EXTRACTED DATA:
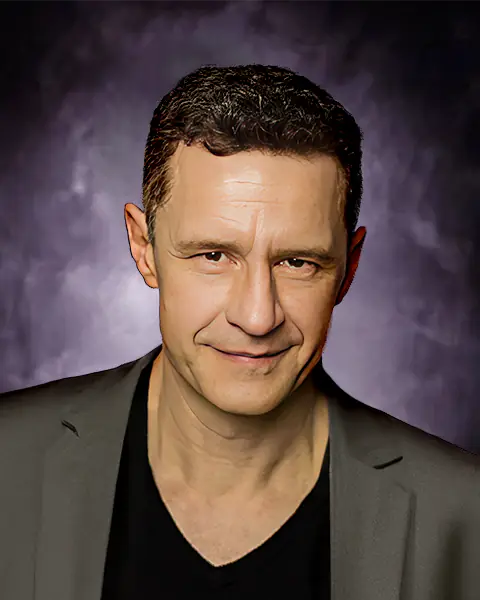Chris Owens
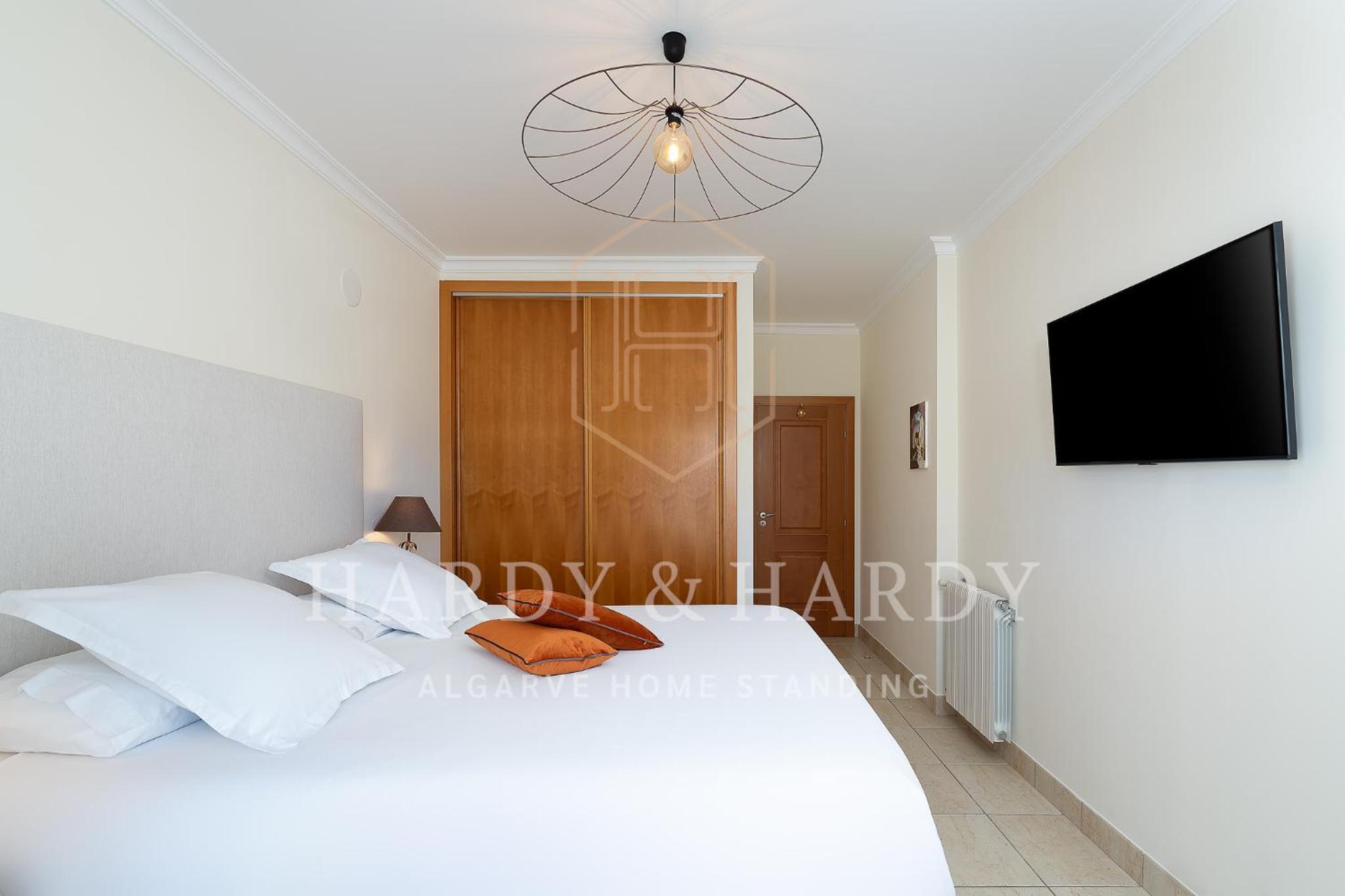 H&H - RARE Chic & Cosy Apartment with wonderful sea views, near to Meia Praia beach and Lagos center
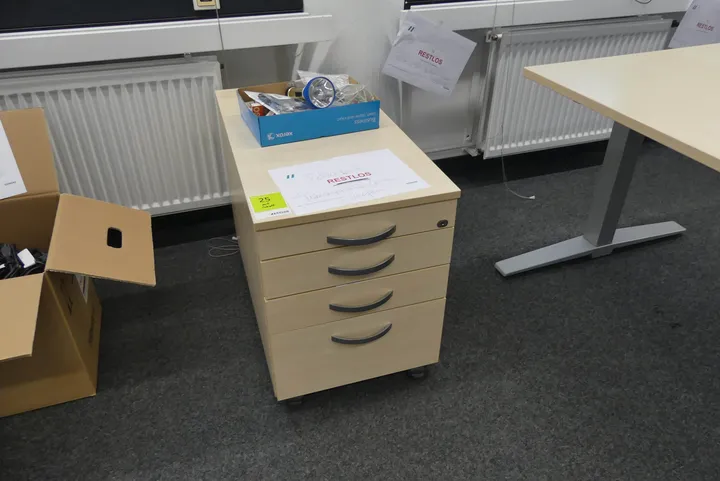 Rollcontainer mit Mikroskopzubehör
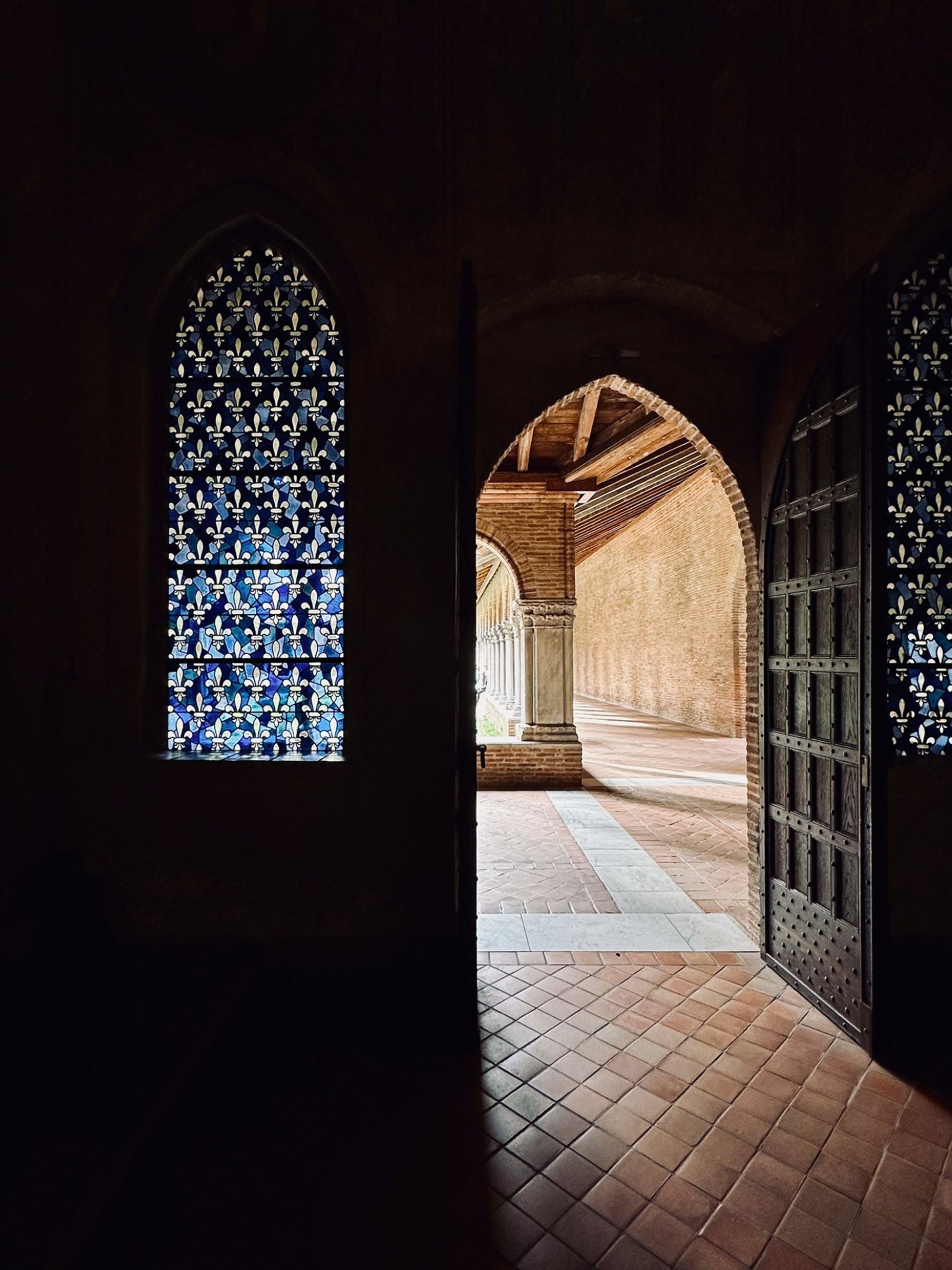 در قدیمی با شیشه رنگی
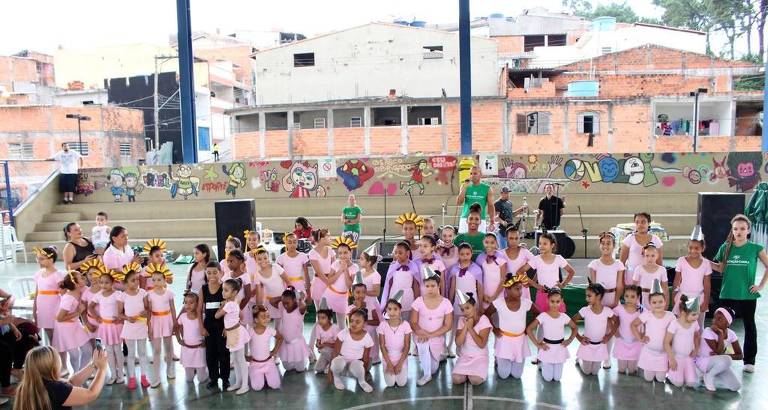 Crianças atendidas pela Associação Camila, que age por direitos sociais e promove uma cultura de paz em Osasco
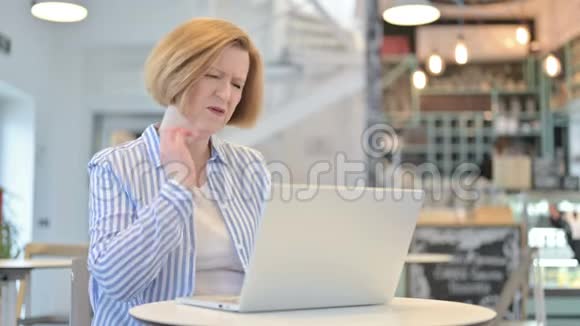 创意老女人在咖啡厅使用手提电脑视频的预览图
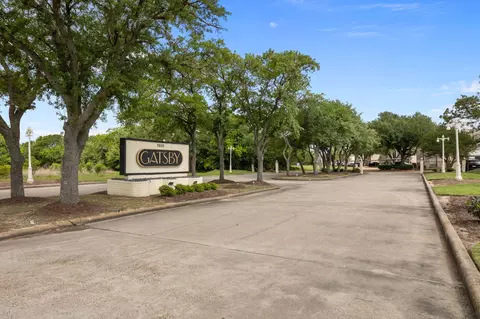 7600 Emmett F Lowry Expy #604, Texas City, TX 77591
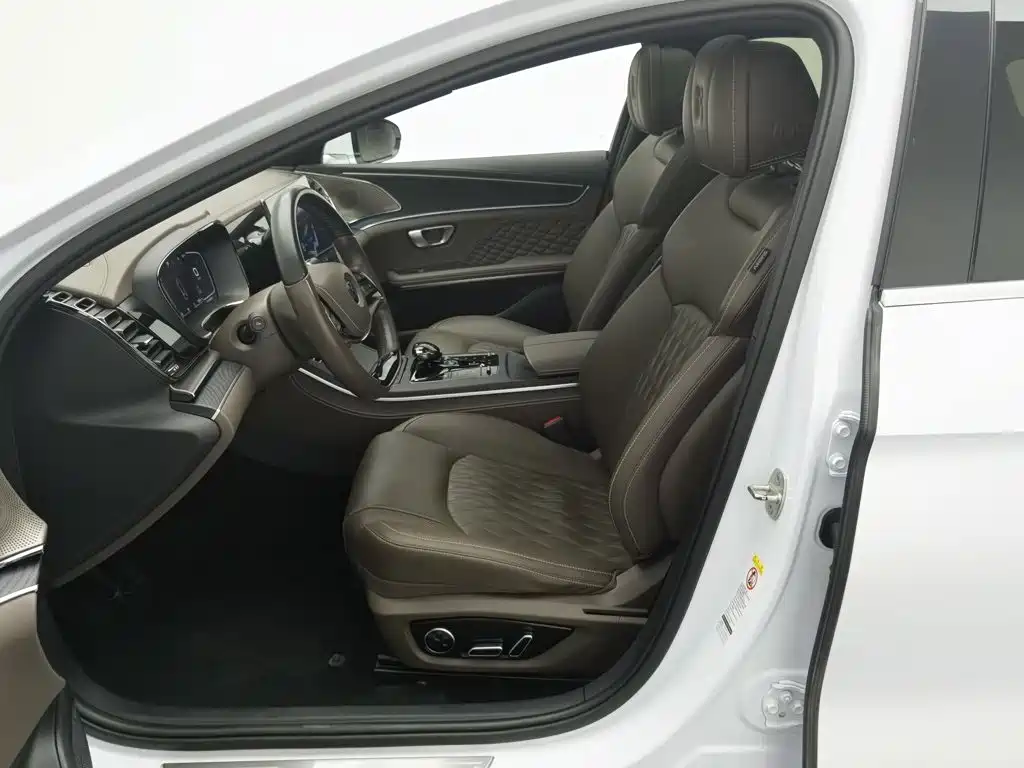 BYD Han — миниатюра 10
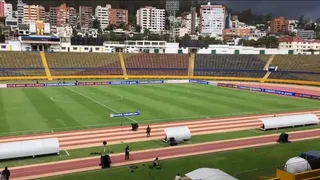 Así luce la cancha del “Atahualpa” a pocas horas del duelo entre Colo Colo y la UC de Ecuador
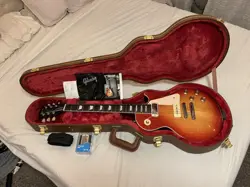 GIBSON LES PAUL '70S DELUXE - CHERRY SUNBURST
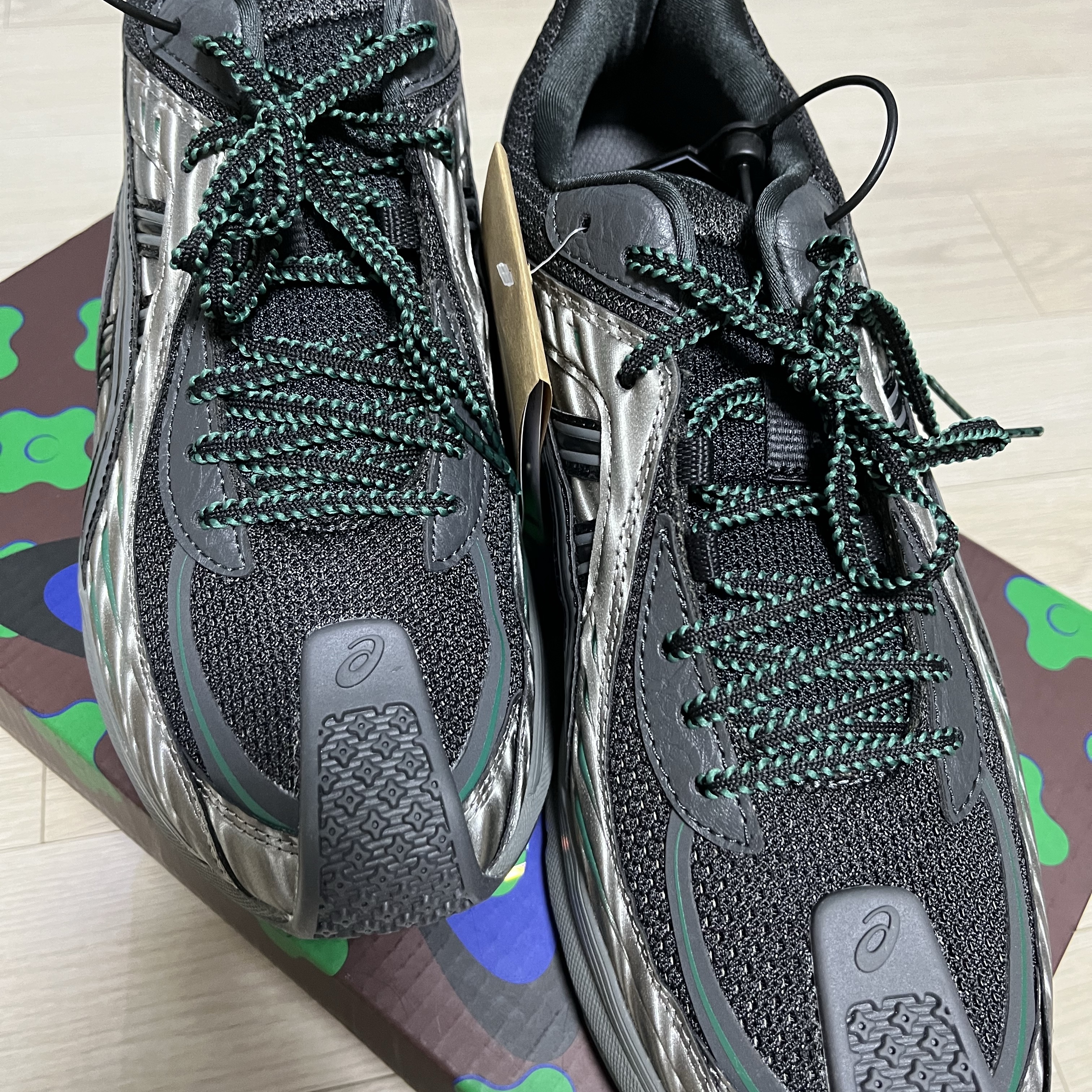 (W) Asics x Kiko Kostadinov Gel-Flammae Grey Black 착용 스타일 - 4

WHAT THE TASK ASKS: Nothing but the lines from the one with "创意老女人在咖啡厅使用手提电脑视频的预览图" through the end of the entries above, both included, should be set down, exactly and without pictures.

OUTPUT OF THE EXERCISE:
 创意老女人在咖啡厅使用手提电脑视频的预览图
 7600 Emmett F Lowry Expy #604, Texas City, TX 77591
 BYD Han — миниатюра 10
 Así luce la cancha del “Atahualpa” a pocas horas del duelo entre Colo Colo y la UC de Ecuador
 GIBSON LES PAUL '70S DELUXE - CHERRY SUNBURST
 (W) Asics x Kiko Kostadinov Gel-Flammae Grey Black 착용 스타일 - 4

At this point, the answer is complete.